--- Records supplied Enclosed Below ---

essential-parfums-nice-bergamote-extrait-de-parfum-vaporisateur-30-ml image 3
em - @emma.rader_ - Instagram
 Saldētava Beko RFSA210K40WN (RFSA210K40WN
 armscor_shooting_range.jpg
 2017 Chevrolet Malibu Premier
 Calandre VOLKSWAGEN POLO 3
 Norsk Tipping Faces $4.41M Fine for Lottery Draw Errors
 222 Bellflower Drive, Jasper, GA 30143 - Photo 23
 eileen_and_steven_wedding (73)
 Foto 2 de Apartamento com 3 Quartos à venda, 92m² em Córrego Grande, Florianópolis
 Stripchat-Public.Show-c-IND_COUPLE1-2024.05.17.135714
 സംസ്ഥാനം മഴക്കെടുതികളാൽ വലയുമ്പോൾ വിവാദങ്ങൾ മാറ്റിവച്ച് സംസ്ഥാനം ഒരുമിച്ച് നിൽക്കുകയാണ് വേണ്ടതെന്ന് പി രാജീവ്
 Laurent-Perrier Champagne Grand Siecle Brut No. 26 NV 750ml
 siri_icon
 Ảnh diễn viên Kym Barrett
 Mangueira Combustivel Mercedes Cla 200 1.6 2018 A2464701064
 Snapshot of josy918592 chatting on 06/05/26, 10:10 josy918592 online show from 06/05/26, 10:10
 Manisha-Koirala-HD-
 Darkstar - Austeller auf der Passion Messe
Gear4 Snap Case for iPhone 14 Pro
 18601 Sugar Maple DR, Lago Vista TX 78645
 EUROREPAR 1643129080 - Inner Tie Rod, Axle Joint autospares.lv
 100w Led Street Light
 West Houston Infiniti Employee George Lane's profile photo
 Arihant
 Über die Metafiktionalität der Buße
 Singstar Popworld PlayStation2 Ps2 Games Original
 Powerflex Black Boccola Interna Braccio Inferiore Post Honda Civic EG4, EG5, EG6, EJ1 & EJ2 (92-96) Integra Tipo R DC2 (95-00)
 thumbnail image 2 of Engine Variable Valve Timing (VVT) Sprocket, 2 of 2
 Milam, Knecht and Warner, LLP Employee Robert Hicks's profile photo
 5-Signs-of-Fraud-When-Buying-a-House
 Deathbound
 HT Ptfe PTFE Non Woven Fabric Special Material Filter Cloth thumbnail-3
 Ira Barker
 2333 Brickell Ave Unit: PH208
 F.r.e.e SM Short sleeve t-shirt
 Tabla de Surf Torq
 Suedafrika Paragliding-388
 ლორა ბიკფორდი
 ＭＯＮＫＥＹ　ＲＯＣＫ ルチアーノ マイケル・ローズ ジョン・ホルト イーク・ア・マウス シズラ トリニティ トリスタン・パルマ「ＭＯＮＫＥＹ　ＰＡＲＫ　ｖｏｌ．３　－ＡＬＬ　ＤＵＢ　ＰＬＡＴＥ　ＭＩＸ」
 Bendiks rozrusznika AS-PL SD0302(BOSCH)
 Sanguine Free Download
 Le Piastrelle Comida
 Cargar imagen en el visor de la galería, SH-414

--- End of Enclosed Records supplied ---

_What you need to do_
Find every line in the records above that holds the word "Employee", and copy each one.

_The completed task_
 West Houston Infiniti Employee George Lane's profile photo
 Milam, Knecht and Warner, LLP Employee Robert Hicks's profile photo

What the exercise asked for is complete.